De la politique au social, ils sont sur plusieurs fronts. De nombreux jeunes ont manifesté, le 5 août devant le Palais du Peuple à Kinshasa. Ils ont investi le siège du Parlement pour exiger « la dépolitisation » de la Commission Electorale Nationale Indépendante (CENI), suite à l’appel du mouvement citoyen LUCHA (Lutte pour le changement). Sur leurs pancartes, t-shirt et drapeaux, on pouvait lire les messages de protestations. Les jeunes de partis politiques et des mouvements citoyens comme Lucha, Filimbi, Eccha et Ekoki, réclament un consensus dans le processus de désignation du Président de la centrale électorale. Une tâche confiée aux confessions religieuses qui n’ont toujours pas trouvé de compromis. Dispersés par la police, à coup de gaz lacrymogènes, ils n’ont pas pu déposer leur mémorandum.
Les dirigeants doivent être redevables
« Ces mouvements peuvent réveiller le Gouvernement pour que les choses aillent dans la bonne direction« . « … De l’autre côté, ce n’est pas tellement intéressant, la manière dont ils ont l’habitude de procéder à certaines revendications« . Voilà deux opinions sur les mouvements citoyens d’après des habitants de Kisangani, dans l’Est de la RDC. Dans un regroupement des activistes de Lucha, nous nous approchons de Jedidja Mabela l’un des militants. « Le sens de notre combat c’est rendre le peuple exigeant pour que les dirigeants lui soient redevables« , nous explique-t-il. Les actions de la Lucha vont produire des résultats. La pression du mouvement citoyen a conduit notamment à la mise en place d’une brigade d’assainissement, se félicite le jeune Jedidja.

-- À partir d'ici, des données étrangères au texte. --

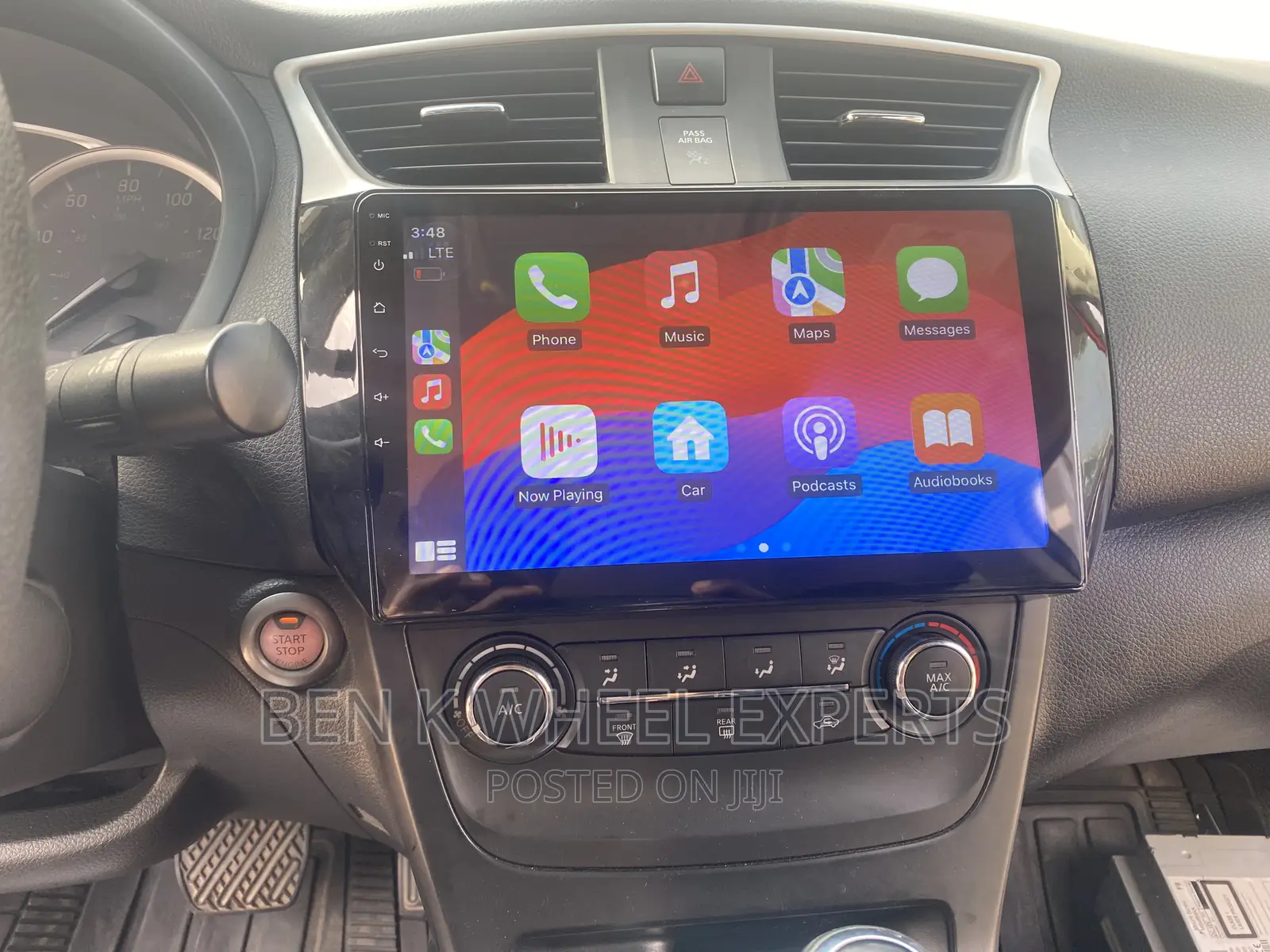 Nissan Sentra 201416 Android Carplay in Abossey Okai Vehicle Parts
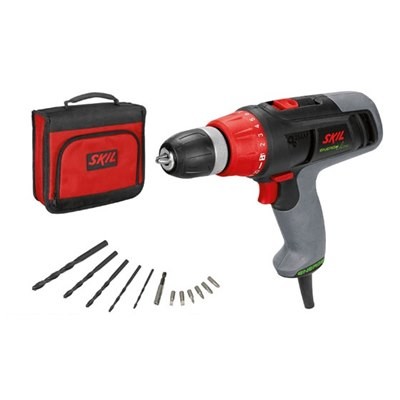 מברגה/מקדחה חשמלית 450W SKIL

A Mbuji-Mayi, capitale provinciale du Kasaï-Oriental, le mouvement Fimbimbi a lancé, depuis le 30 juillet 2021, une opération de suivi et d’évaluation des travaux de la voirie urbaine. Un programme de contrôle citoyen qui vise à inciter les autorités compétentes à rendre compte. Filimbi se propose de faire des recommandations pour relever les défis liés aux infrastructures routières dans la ville. Le 5 août, au terme de la deuxième visite sur des chantiers de l’Office de Voirie et Drainage, la note est satisfaisante selon Marcel Tshibangu. Le point focal Filimbi au Kasaï-Oriental a formulé tout de même des recommandations pour la suite des travaux. »Aux gouvernants de doter cette entreprise des moyens conséquents », déclare l’activiste.
La répression
Le combat au sein du mouvement citoyen n’est pas sans conséquence. À l’instar d’autres activistes à travers le pays, Jedidja de Kisangani a dû passer un séjour en détention. Il y a subit une torture durant environs trois heures, selon son témoignage. Comme lui, Gloria Sengha, ancienne membre de Lucha a également été détenue pendant des jours, pour son engagement. Sa lutte citoyenne commence alors qu’elle n’a que 16 ans. Quelques années plus tard, soit en 2015, elle fait partie des étudiants qui ont manifesté contre un éventuel troisième mandat de Joseph Kabila, alors Président de la République. Repérée par un membre de la Lucha, elle va y affuter ses armes avant de créer, en 2018, le mouvement « Vigilance citoyenne ». La répression, elle s’y attendait. « Je me disais, comme je vais dans cette manifestation, j’ai deux choix : soit mourir, soit rester en vie », affirme-t-elle d’un ton ferme.
Par ailleurs, des observateurs estiment que les mouvements citoyens devraient adapter leurs actions au contexte du pays. C’est le cas de Sylvain Lumu, Directeur de l’Institut Alternatives et Initiatives Citoyennes pour la Gouvernance Démocratique. Pour lui, la situation sociopolitique n’est pas forcément la même qu’au moment de leur naissance.